What is needed: For the records below, tally every line that has the word "page" and reply with the number alone.

· · · · ·

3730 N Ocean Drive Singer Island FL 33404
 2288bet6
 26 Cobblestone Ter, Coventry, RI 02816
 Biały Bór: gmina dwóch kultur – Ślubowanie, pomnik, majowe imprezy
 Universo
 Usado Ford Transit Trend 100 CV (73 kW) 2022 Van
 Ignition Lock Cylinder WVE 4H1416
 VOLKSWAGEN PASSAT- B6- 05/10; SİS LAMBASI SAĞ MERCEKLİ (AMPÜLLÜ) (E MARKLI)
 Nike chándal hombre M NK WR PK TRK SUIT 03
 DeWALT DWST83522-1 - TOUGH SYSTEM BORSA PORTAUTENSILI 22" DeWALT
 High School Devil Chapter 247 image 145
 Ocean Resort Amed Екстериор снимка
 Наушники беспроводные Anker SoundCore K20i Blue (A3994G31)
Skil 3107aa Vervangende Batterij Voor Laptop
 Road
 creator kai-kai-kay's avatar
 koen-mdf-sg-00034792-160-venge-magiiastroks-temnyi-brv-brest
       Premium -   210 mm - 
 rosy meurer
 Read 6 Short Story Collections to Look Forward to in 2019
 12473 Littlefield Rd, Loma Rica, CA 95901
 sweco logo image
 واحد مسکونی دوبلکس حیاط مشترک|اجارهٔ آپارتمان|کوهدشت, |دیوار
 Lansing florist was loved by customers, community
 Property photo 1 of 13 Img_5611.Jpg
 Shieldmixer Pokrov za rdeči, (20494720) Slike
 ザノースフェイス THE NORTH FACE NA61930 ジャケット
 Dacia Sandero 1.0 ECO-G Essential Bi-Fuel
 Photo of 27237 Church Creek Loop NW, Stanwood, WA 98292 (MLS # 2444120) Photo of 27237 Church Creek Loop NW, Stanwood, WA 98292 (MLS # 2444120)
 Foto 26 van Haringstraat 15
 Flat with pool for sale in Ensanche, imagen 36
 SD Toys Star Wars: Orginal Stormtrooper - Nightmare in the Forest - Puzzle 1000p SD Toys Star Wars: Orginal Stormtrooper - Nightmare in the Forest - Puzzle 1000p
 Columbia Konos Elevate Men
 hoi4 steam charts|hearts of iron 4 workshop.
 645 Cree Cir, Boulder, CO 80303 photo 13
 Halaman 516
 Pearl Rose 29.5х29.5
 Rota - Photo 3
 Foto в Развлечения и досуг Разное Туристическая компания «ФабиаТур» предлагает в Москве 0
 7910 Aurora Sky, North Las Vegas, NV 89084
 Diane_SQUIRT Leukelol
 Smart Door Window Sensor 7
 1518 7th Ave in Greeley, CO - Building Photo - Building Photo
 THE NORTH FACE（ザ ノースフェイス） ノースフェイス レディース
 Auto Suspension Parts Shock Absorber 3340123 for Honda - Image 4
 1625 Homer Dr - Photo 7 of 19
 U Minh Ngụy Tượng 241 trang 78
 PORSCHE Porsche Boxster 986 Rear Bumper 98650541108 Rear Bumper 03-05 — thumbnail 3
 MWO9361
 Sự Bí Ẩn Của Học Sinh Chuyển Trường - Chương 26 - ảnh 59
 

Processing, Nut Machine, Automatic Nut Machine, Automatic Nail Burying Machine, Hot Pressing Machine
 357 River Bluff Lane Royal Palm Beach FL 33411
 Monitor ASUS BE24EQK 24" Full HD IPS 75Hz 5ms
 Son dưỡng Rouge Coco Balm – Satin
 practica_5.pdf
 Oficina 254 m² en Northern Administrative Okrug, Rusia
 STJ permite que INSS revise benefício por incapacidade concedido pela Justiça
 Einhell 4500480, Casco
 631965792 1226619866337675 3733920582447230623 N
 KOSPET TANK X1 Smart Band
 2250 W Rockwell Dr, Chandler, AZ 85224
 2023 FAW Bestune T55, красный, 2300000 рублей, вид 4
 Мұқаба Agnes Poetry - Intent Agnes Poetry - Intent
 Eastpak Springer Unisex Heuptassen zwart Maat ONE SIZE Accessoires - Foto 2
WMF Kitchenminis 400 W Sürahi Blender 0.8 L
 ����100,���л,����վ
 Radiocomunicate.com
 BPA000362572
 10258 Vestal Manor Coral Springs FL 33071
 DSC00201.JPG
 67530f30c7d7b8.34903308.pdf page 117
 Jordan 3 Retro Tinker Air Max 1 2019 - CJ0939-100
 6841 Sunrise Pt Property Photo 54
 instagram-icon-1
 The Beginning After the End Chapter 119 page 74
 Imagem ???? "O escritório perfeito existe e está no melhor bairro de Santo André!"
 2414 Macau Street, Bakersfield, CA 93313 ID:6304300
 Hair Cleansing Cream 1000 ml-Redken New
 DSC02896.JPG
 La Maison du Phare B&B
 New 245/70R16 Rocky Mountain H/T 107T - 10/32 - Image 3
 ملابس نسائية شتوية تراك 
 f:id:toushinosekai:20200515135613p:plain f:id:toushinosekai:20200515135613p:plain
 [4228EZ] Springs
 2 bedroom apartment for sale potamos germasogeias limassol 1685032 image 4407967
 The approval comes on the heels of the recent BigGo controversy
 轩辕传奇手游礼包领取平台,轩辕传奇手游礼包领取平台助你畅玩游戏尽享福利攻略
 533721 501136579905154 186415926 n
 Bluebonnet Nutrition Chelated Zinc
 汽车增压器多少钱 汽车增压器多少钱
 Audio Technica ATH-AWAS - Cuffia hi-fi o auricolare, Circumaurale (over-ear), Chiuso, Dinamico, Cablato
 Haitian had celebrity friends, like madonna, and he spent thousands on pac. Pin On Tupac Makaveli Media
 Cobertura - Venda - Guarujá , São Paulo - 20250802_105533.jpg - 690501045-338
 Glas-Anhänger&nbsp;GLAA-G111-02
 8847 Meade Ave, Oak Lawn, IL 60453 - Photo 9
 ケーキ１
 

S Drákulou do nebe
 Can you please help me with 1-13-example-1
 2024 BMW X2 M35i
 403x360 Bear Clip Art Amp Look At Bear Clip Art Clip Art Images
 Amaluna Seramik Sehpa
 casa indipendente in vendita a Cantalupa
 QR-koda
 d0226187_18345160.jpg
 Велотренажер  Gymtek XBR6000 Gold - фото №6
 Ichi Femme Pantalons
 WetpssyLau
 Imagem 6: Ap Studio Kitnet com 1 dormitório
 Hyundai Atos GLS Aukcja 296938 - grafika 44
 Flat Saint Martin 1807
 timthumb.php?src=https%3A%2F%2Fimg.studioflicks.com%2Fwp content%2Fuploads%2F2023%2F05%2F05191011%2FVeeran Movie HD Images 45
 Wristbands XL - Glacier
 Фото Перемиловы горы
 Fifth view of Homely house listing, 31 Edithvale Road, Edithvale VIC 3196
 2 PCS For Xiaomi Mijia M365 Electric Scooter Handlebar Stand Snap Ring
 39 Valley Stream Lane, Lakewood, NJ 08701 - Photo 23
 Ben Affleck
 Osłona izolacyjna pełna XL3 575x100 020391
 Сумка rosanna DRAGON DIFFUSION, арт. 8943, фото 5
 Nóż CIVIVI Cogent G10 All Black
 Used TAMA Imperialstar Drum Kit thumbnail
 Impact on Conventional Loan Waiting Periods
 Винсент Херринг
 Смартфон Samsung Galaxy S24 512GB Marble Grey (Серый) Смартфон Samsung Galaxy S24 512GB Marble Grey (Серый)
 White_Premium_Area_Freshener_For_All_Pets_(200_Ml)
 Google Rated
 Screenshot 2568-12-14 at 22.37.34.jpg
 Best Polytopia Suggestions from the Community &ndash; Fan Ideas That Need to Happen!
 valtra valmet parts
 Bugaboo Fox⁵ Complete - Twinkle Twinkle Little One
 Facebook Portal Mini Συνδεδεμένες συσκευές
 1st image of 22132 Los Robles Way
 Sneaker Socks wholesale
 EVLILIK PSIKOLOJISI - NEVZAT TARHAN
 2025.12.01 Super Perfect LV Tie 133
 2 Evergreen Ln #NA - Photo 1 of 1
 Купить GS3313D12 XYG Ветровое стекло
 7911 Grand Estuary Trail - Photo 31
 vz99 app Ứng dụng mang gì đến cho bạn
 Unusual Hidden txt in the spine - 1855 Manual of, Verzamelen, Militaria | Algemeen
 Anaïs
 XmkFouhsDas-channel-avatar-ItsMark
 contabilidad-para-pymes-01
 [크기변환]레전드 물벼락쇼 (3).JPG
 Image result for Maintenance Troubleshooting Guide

· · · · ·

Response to the exercise: 2